A growing body of evidence suggests the importance of the use of ICI and antiangiogenic therapy in the therapeutic pathway, leading to the best chance of survival. Since the first current treatment line has changed compared with when studies such as ULTIMATE, LUME-Lung 1, and REVEL were designed, the place of the PB combination remains to be defined in the new treatment sequence used nowadays. To date, there have been no prospective, randomized controlled trials demonstrating the optimal treatment choice for patients with advanced NSCLC following failure of ICI treatment. Thus, analyses of real-world data from clinical practice are essential to help physicians’ choices. While pursuit or rechallenge with immunotherapy has not yet proved efficacy,[19,20] our results suggest the efficacy of the PB combination following failure of immunotherapy.

Our study has several limitations. First, the design is retrospective, with possibly some underreporting of potential side effects and a lack of central review of the radiological response. Second, patients treated with PB in the ICI+ group were mostly treated in third-line therapy after immunotherapy failure (n = 62/88) and, therefore, may have a better clinical outcome compared with the ICI− group who received PB later (n = 101/226 treated with PB in fourth line or more). Our results with PB treatment should be interpreted with caution in patients treated in first line with immunotherapy alone as this population was not represented in our study. Fourth, we cannot exclude that some patients in the ICI+ group were treated with PB after ICI cessation for another reason that progression, for example due to toxicity, even if it represents a minority of the case.
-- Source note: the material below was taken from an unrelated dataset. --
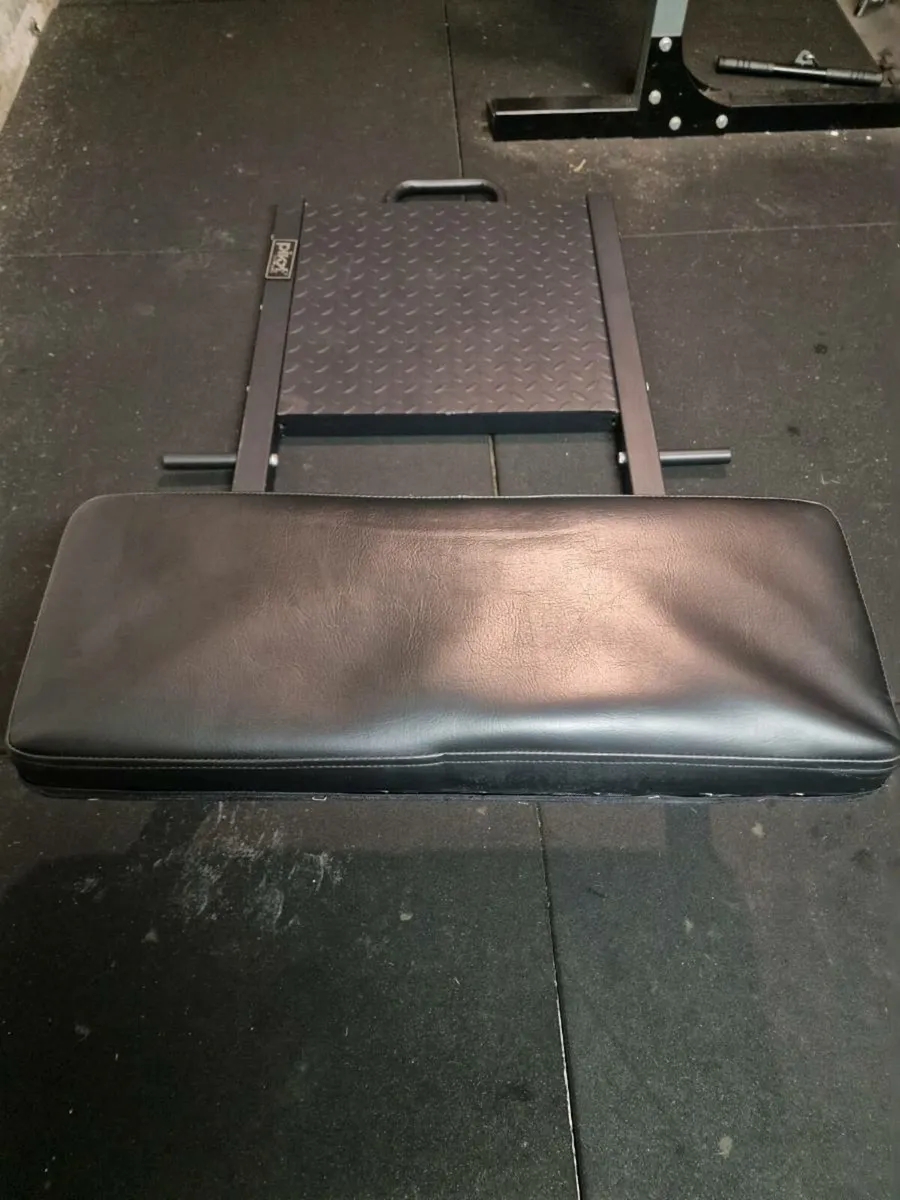 Hip Thrust - Image 3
Finally, as the treatment sequence studied in our cohort was PB following ICI monotherapy, effectiveness after combination ICI and chemotherapy today use in first-line remains unclear.
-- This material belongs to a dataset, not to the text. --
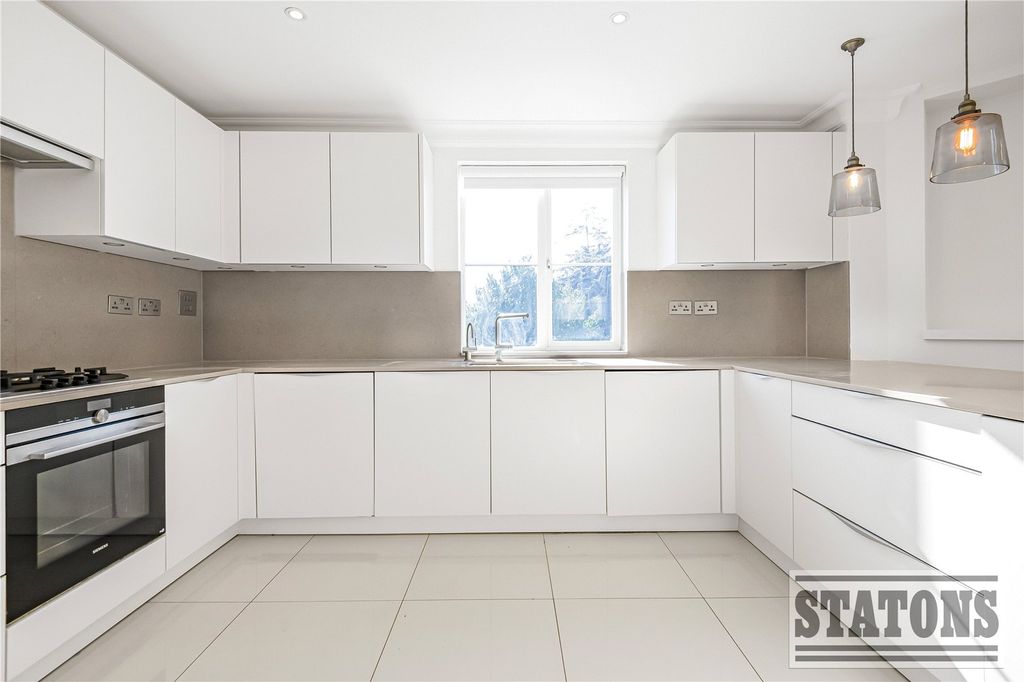 Property photo 3 of 20 Picture No. 35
However, these observations supported that immunotherapy followed by PB is a promising sequential strategy, and further studies are warranted to evaluate our observations. In the case of progression following ICI therapy or combination of ICI chemotherapy, patients should however be encouraged to participate in clinical trials evaluating novel agents.

Conclusion

PB combination in patients with advanced non-squamous NSCLC in second line and beyond was efficient and well-tolerated. Prospective trials are needed to address the question of the best chemotherapy association after first-line ICI combined or not with chemotherapy.